Other organizations that aim to become an officially recognized CLARIN Centre can contact the CLARIN-NL Office

 


Web Services

Q: What are web services, and how is it relevant to my project?

A: Web services are programs that can be called from other programs that reside somewhere on the World Wide Web. They differ from other programs because (1) they must communicate with other programs, and (2) they must do so over the World Wide Web, which requires special protocols (SOAP is one important example of such a protocol). It is expected that most web applications that consist of two clearly separated parts, viz.  a web-based user interface part and a core functionality part with a well-defined API, can be easily turned into web services using a generic wrapper.

If your application includes software tools and services you should interact as early as possible with the infrastructure team to chat about the way your software can best be made available within the CLARIN infrastructure to other users as well.

Web services are so important because a lot of the functionality that will be offered in the CLARIN infrastructure will be in the form of web services. This will make it possible to set up work flows of interacting programs, e.g. a pipeline of actions that have to be carried out in sequence (e.g. a sequence of text cleaning, text normalization, tokenization, PoS tagging, lexicalization, Named Entity Recognition, full parsing web services applied to a text corpus.)


Participation of Foreigner and/or Foreign organizations

Q: Can foreign persons participate in CLARIN-NL?

A: Foreign persons (I.e. persons with a nationality other than the Dutch nationality) can participate in a CLARIN-NL project if they carry out the work for the project as an employee of a CLARIN-NL partner that has signed the CLARIN-NL consortium agreement.

 

Q: Can foreign organizations participate in CLARIN-NL?

A: Organizations from outside of the Netherlands can in principle participate in proposals for CLARIN-NL, but:

·         They must do so preferably in cooperation with one of the CLARIN-NL partners (which must be and all are organizations from the Netherlands)

·         It must be justified why certain work must be done by a foreign organization (and not by a CLARIN-NL partner)

·         No funding can be provided by CLARIN-NL to organizations that are not CLARIN-NL partners.
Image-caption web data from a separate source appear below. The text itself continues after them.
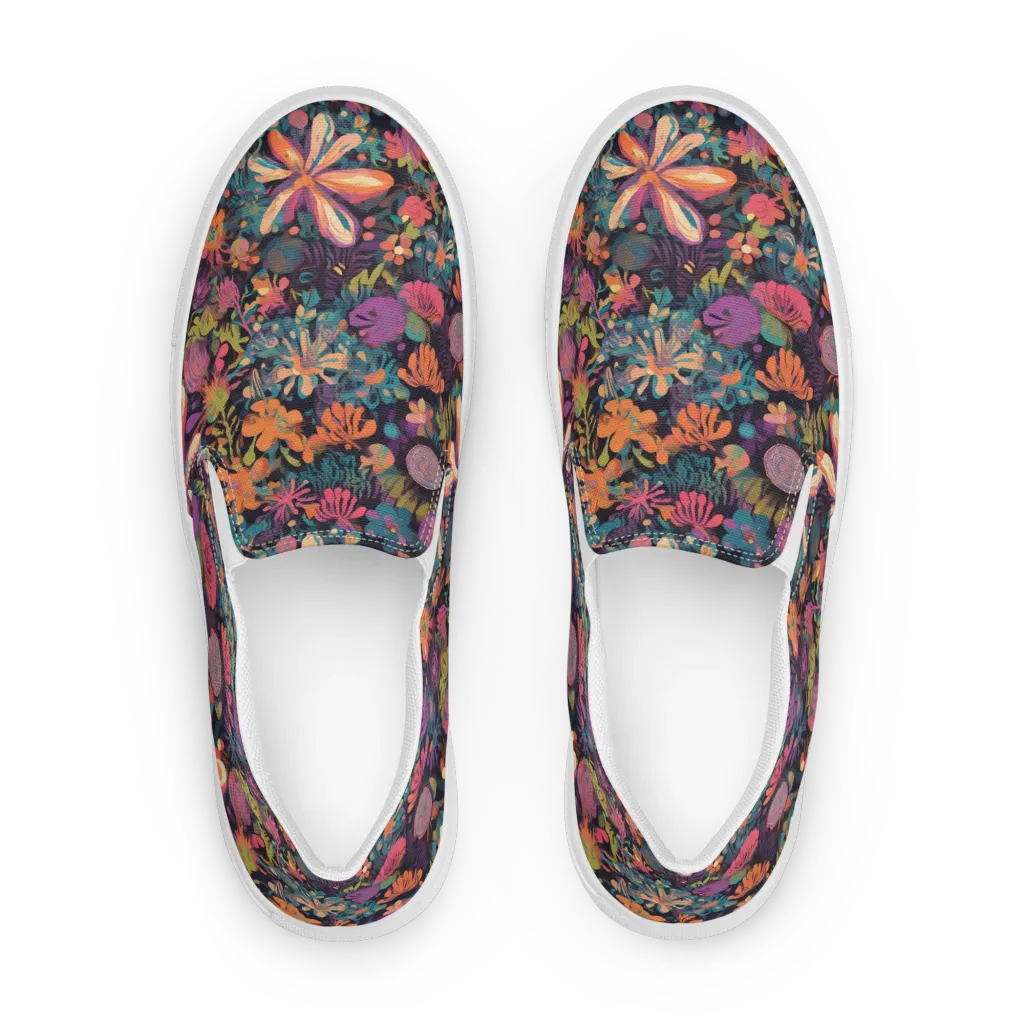 Electric Herbarium on Women's Slip-On Canvas Shoes — Front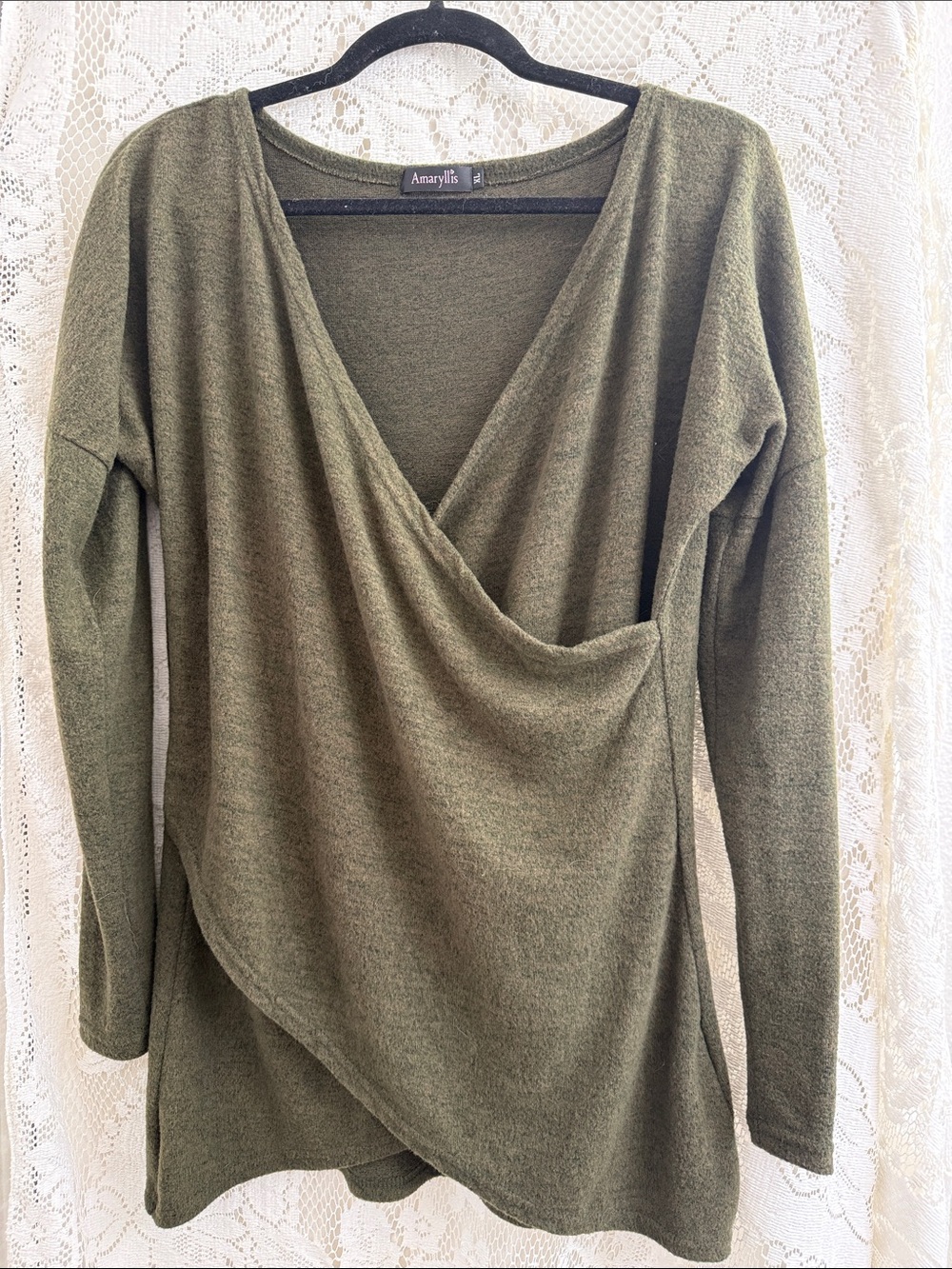 Amaryllis Olive Green Wrap-Front Long Sleeve Top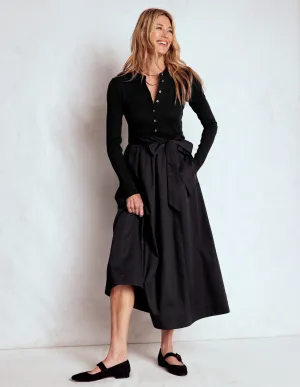 Button Detail Mix Dress-Black Chorus Night Gold Hour
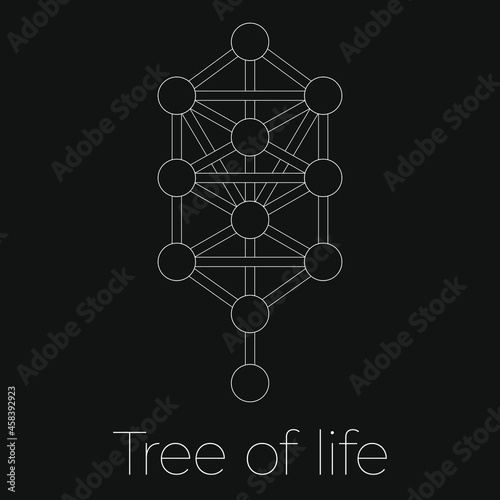 Basic black and white Tree of life esoteric illustration vector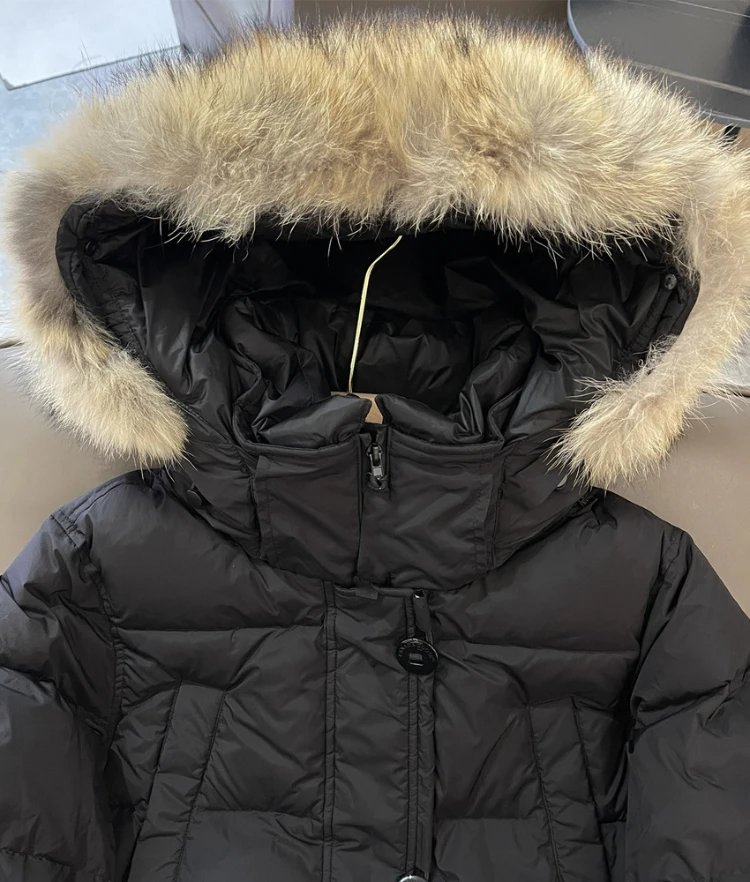 Unbranded Down Jackets Long hooded puffer with faux-fur trim image 5
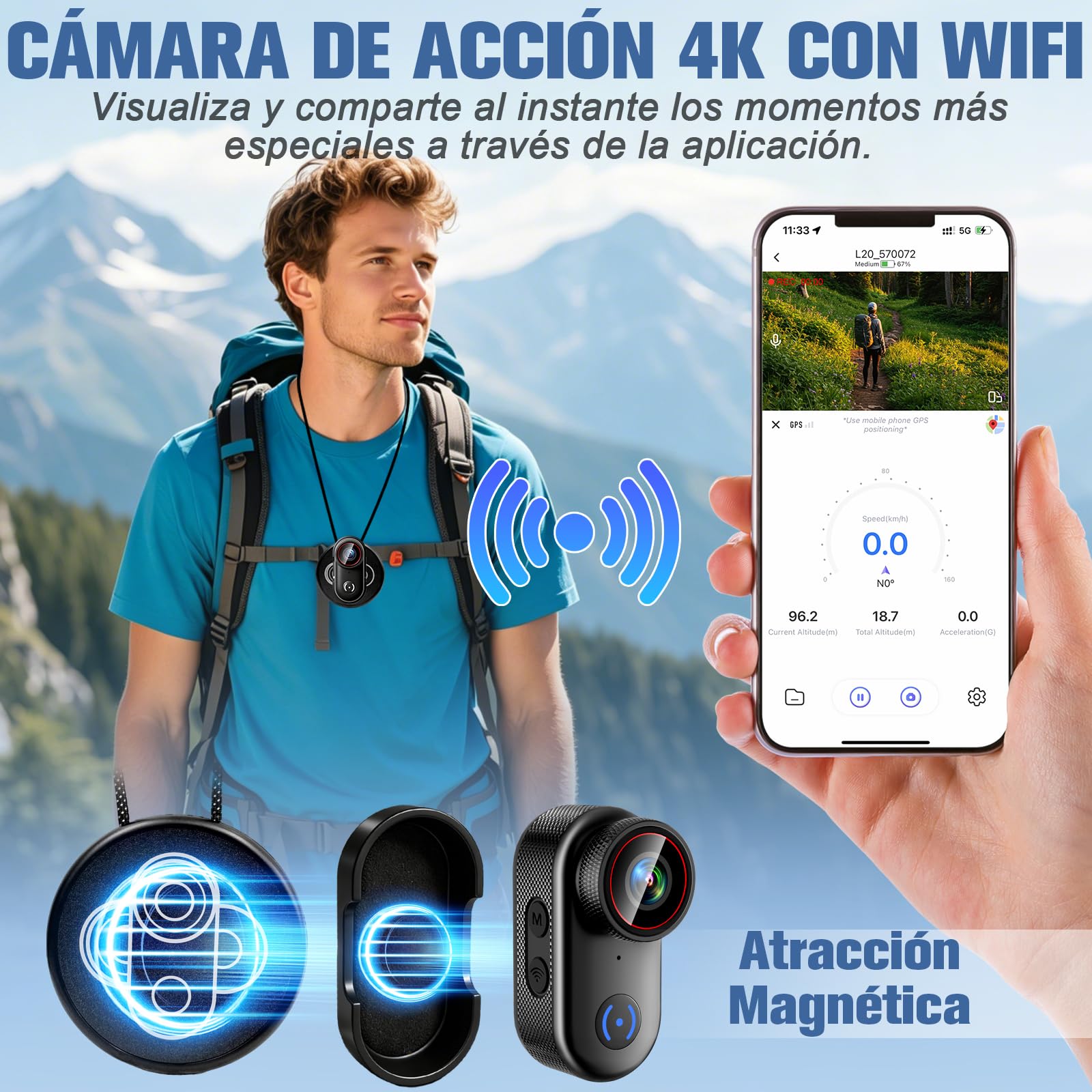 LXMIMI Mini Cámara de Acción con WiFi, Cámara Corporal 4K, Cámara Deportiva | Cámara POV Portátil con Imán y Pantalla, 150°, WiFi, Cámara de Acción de 16 GB para Bicicleta, Casco de Moto y Vlogs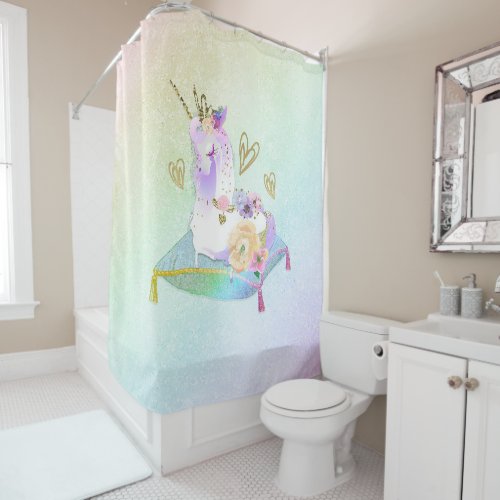 Unicorn Princess Diva Iridescent Rainbow Pastel Shower Curtain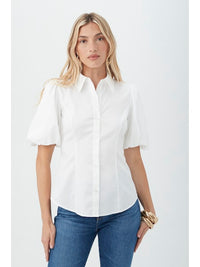 Kari Puff Sleeve Top in White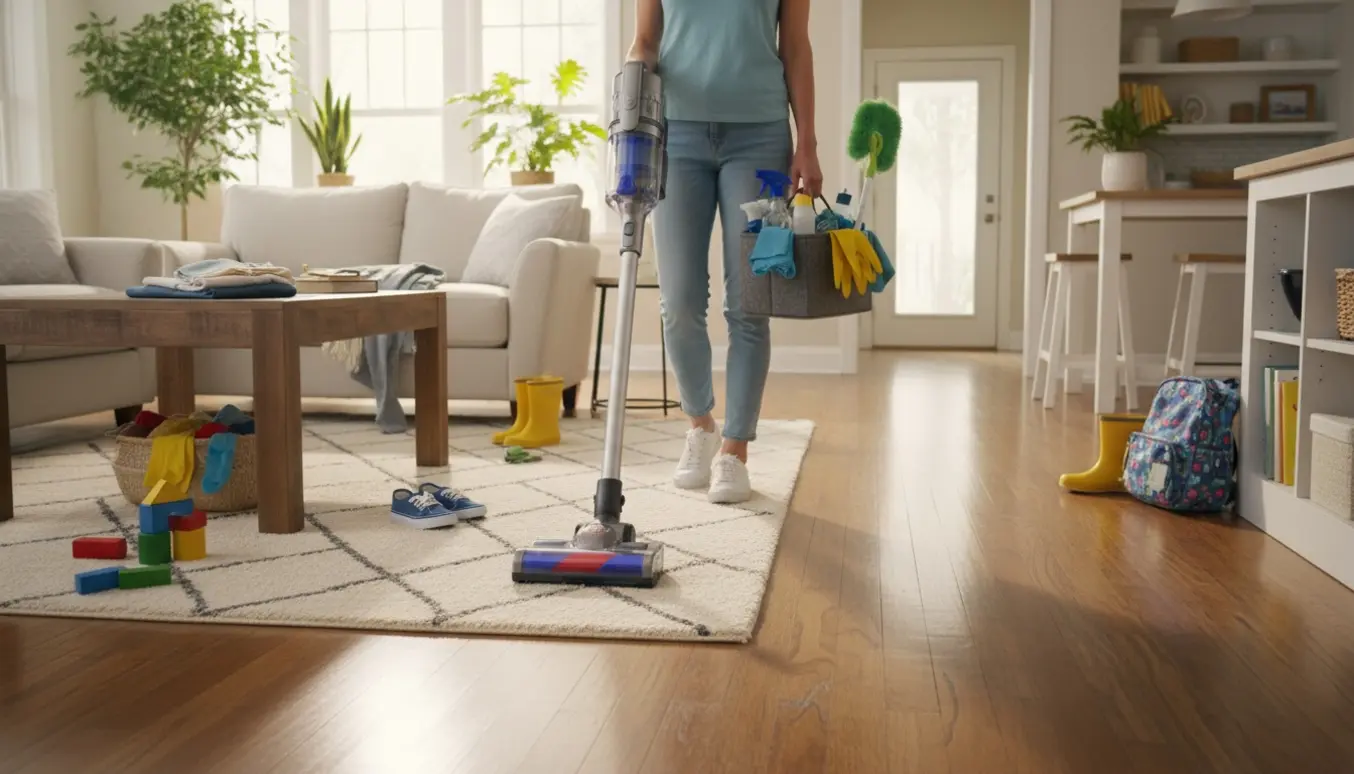 Lys og ryddelig familiestue under rengøring med støvsuger, rengøringskasse og børnelegetøj på gulvet.
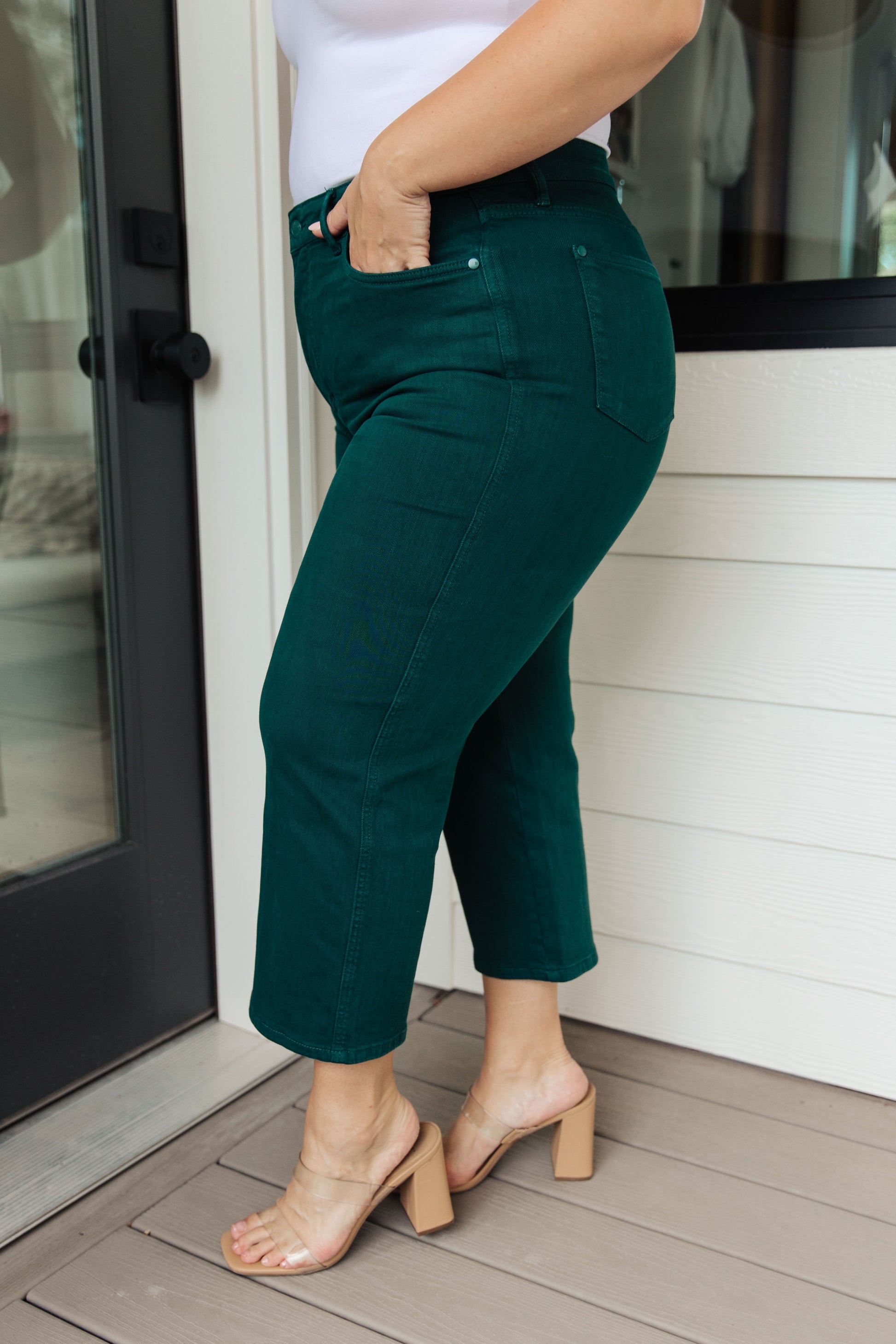 Briar High Rise Control Top Wide Leg Crop Jeans in Teal - Dahlia Boutique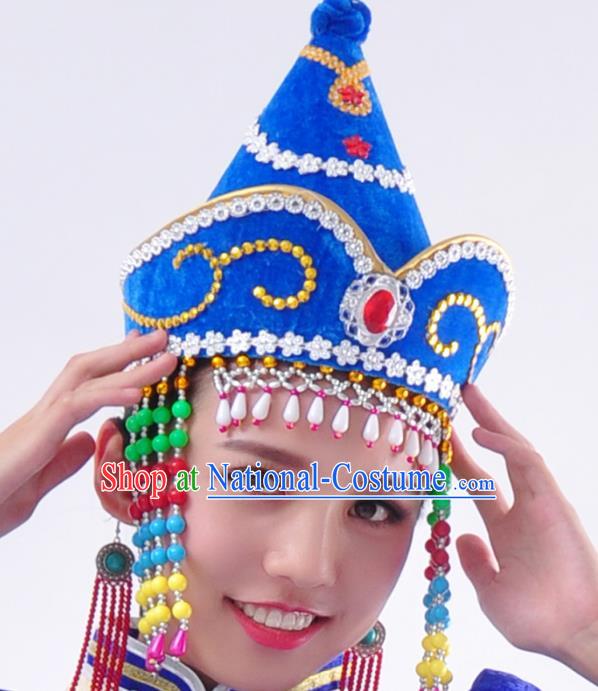 Chinese Handmade Mongol Nationality Wedding Blue Hats Mongolian Bride Hats for Women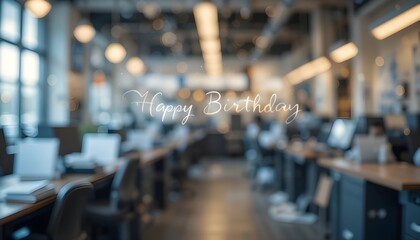 Fototapeta premium Soft, creamy whites and soothing blues create a dreamy bokeh effect photographic background that is ideal for a happy birthday card. The blurred, out-of-focus parts hint at a busy newspaper office, po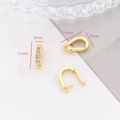 Chiusura a clip in zircone placcato oro per perle con altezza 11mm e apertura 7mm - Taglia 7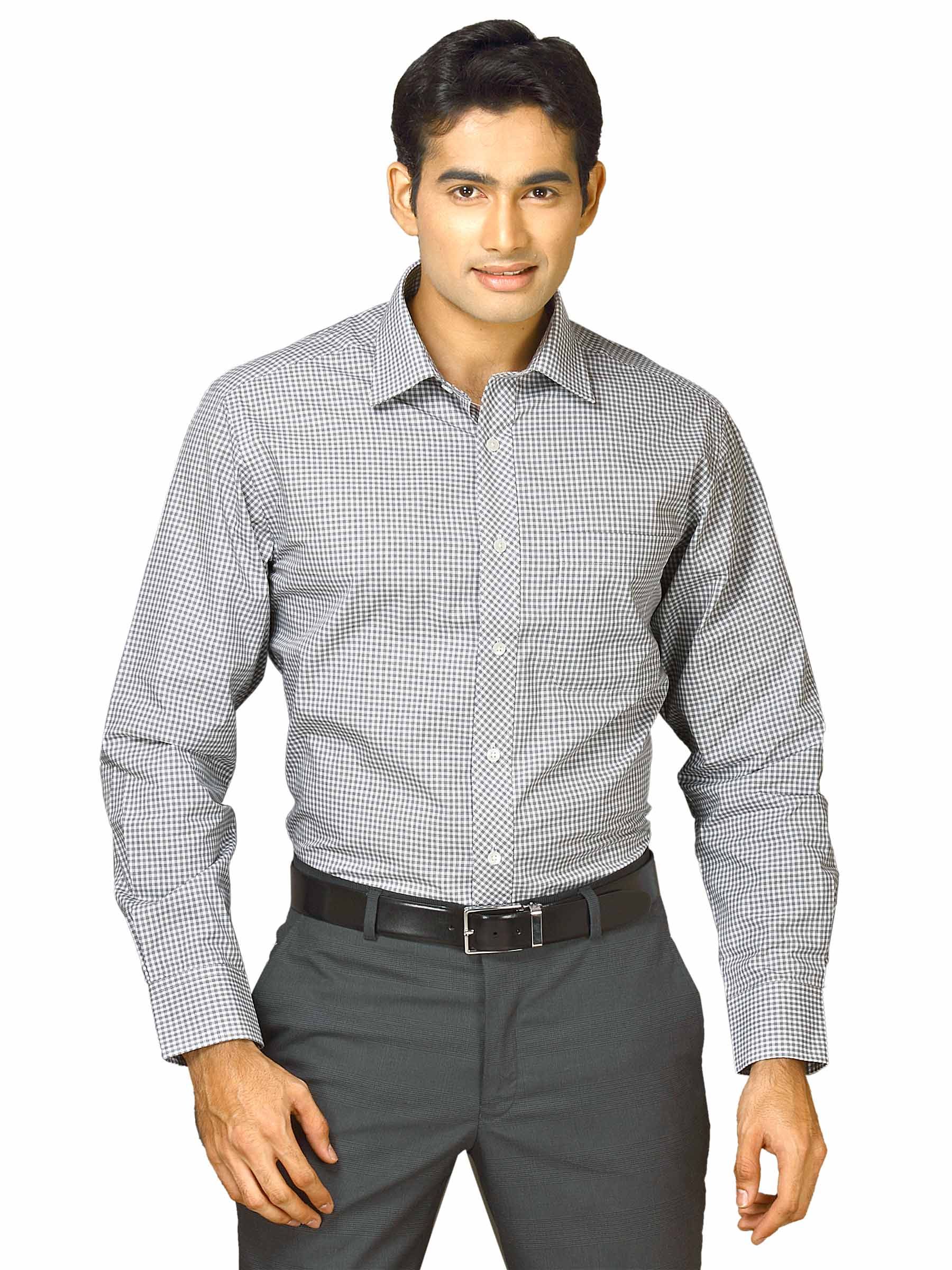 John Miller Men Black & White Check Shirt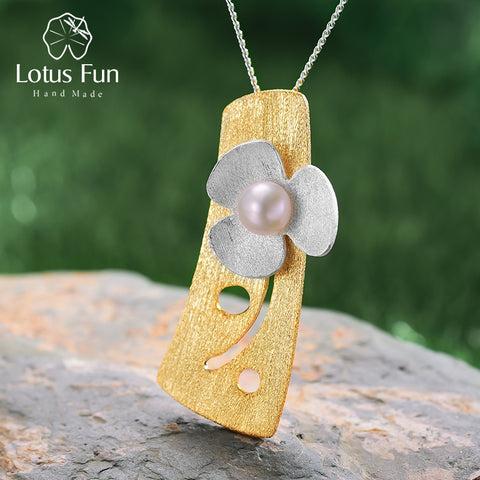 Lotus Fun Real 925 Sterling Silver Natural Pearl 18K Gold Fine Jewelry Fresh Clover Flower Pendant without Necklace for Women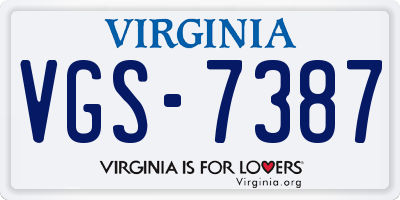 VA license plate VGS7387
Funding of an awarded project

Q: Which costs are eligible for funding in projects for the CLARIN-NL First Call

A: Two types of costs are eligible for funding in these projects

·         Personnel costs directly related to the project up to a maximum of €60,000 in accordance with the Akkoord NWO-VSNU 2008 (and any additions to it). See also http://www.nwo.nl/nwohome.nsf/pages/NWOP_67QK4E.

·         A fee of maximally € 3.000 per FTE per year (or a pro rata part for less than 1 FTE per year) for covering travel and subsistence costs

 

Q: Are “vakantiegeld” and “eindejaarsuitkering”related to personnel costs eligible for funding?

A: Yes. Personnel costs include apart from the basissalaris” also “vakantiegeld” and “eindejaarsuitkering” . The applicable percentages are mentioned in the Akkoord NWO-VSNU 2008.

 

Q: Is the “opslag voor werkgeverslasten”, eligible for funding?

A: Yes. See the Akkoord NWO-VSNU 2008, in particular 2.1b en ad b.

 

Q: Is the “opslag overige personeelskosten” eligible for funding

A: Yes, see Akkoord NWO-VSNU 2008

 

Q: Is the “einde projectvergoeding” eligible for funding?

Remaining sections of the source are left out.